I recall the moment I was first introduced to what would become my favorite hymn, Come Thou Fount of Many Blessings. One verse stood out:

Here I raise my Ebenezer

Here by Thy great help I’ve come

And I hope, by Thy good pleasure

Safely to arrive at home.

Ebenezer? Raise an Ebenezer? I needed to know more. Ebenezer is actually אבן העזר, Even Ha’Ezer, which literally means stone of help or monument to God’s glory and is referenced in the book of Samuel.

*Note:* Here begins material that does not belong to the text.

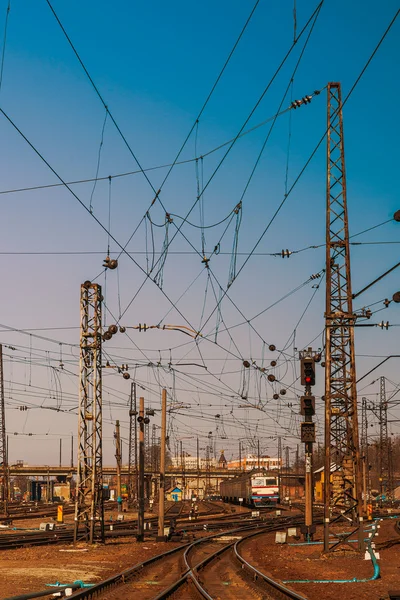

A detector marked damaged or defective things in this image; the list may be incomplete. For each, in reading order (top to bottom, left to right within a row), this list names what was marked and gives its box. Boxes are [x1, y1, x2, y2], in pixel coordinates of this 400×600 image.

rusty metal tower [74, 282, 104, 544]
rusty metal tower [324, 82, 364, 552]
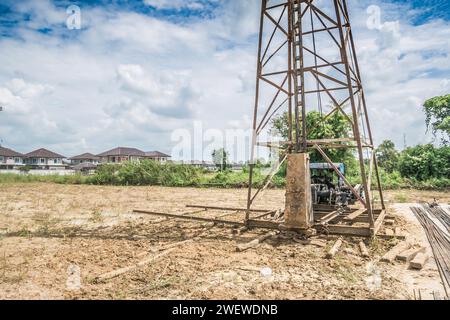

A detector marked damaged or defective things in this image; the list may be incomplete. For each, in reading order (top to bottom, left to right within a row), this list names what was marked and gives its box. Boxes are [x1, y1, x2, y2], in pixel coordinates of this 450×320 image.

rusty metal tower [246, 0, 386, 235]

Thus, when Dickens chose a name for his protagonist, he chose the perfect name for the redeemed sinner. What is a better testament to a God of grace, than the hardened heart melted by the power of love? The current climate of political correctness aside, A Christmas Carol is most definitively a Christian story and the theme is reminiscent of Proverbs 25:22:

If your enemy is hungry, give him bread to eat

and if he is thirsty give him water to drink

for you will heap burning coals on his head

and the Lord will reward you.

Very often this verse is misunderstood. “Yeah! BURN ‘EM! THAT’LL TEACH THEM TO MESS WITH ME! COALS! BURN BABY BUUUURN!” Yet, if one looks to the ancient Hebrew, the heaping burning coals is literally the holy fire of LOVE that melts the hardened heart so it can be remade (think of melting a weapon of war to remake it into something of beauty or a tool for healing or farming).

The path to redemption is love, for only love holds the power to redeem those who have committed grave wrongdoings. Only love can repair what’s been broken and “remake” it into something entirely new.

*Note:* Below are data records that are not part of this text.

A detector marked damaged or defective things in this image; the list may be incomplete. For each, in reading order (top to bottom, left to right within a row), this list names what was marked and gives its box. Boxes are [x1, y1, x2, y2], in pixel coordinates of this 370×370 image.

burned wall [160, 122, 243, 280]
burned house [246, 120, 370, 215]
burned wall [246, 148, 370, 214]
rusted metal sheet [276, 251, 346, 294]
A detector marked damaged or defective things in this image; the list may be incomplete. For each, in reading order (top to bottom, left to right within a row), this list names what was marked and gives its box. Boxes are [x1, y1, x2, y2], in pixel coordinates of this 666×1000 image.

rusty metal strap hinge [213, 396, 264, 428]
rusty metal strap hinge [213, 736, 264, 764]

The Christian story is a story of love, of redemption, of second chances and not because one has earned it or deserved it.

Scrooge is a dreadful man, yet as the story unfolds, not only does Scrooge’s heart begin to melt as he’s faced with the truth of who he is, but our hearts melt toward Scrooge as we travel through the past, present and future and see what has created such a embittered, cruel person. We empathize and start to have compassion and love the unlovely.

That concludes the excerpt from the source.